Нотр-Дам-де-Флер улыбался и пел, он пел, как эолова арфа, голубоватый ветерок проходил .сквозь струны его тела; он пел телом: он не любил. Полиция не подозревала его. Он не подозревал полицию. Этому ребенку все было настолько безразлично, что он даже не покупал газет: он шел, куда его вела мелодия.

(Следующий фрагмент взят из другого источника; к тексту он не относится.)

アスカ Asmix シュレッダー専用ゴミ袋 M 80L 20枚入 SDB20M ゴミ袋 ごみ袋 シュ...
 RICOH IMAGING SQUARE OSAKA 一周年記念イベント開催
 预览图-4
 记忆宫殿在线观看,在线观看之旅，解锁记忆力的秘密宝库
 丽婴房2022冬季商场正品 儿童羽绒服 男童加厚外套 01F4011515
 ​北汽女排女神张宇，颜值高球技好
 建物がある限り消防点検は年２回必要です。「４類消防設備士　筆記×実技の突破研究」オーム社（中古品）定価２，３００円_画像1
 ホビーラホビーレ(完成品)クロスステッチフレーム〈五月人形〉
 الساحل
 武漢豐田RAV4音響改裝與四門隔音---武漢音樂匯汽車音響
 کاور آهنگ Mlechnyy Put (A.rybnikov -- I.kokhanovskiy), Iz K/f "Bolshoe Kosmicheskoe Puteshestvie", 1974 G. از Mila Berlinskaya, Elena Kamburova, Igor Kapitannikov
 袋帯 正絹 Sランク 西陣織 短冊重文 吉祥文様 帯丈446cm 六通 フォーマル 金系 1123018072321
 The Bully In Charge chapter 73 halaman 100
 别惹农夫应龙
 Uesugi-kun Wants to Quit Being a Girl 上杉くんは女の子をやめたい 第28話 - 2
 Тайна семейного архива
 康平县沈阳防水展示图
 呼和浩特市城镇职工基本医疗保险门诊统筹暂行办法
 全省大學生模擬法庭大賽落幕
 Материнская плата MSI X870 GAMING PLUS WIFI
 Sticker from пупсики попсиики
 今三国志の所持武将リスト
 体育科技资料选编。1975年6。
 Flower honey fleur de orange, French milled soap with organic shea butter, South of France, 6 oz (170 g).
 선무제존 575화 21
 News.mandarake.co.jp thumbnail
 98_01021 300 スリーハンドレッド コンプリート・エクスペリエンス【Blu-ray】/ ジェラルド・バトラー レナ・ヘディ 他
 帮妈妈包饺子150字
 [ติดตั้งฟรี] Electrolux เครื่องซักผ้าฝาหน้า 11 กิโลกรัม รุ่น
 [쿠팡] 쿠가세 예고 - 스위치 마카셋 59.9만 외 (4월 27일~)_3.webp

Дивина думала, что Миньон пошел в кино, а Нотр-Дам промышляет в каком-нибудь большом магазине, однако... Американские ботинки, мягкая шляпа, золотая цепочка, короче говоря, настоящий "кот" - к вечеру Миньон выходил из мансарды, спускался по лестнице и... Тут появляется неизбежный солдат. Откуда он взялся? Возможно, просто вошел с улицы в бар, где сидела Дивина. С каждым поворотом вертящейся двери, подобно часовому механизму на одной из колоколен Венеции, взору являлись то солидный сержант полиции, то изящный паж, то образчик Высокого Гомосексуализма, то есть один из тех "котов", предки которых были завсегдатаями притонов времен мадемуазель Адна, носили кольца в ушах, и между ног которых сегодня, когда они шествуют по бульвару, брызжут, прорываются, резкие свистки.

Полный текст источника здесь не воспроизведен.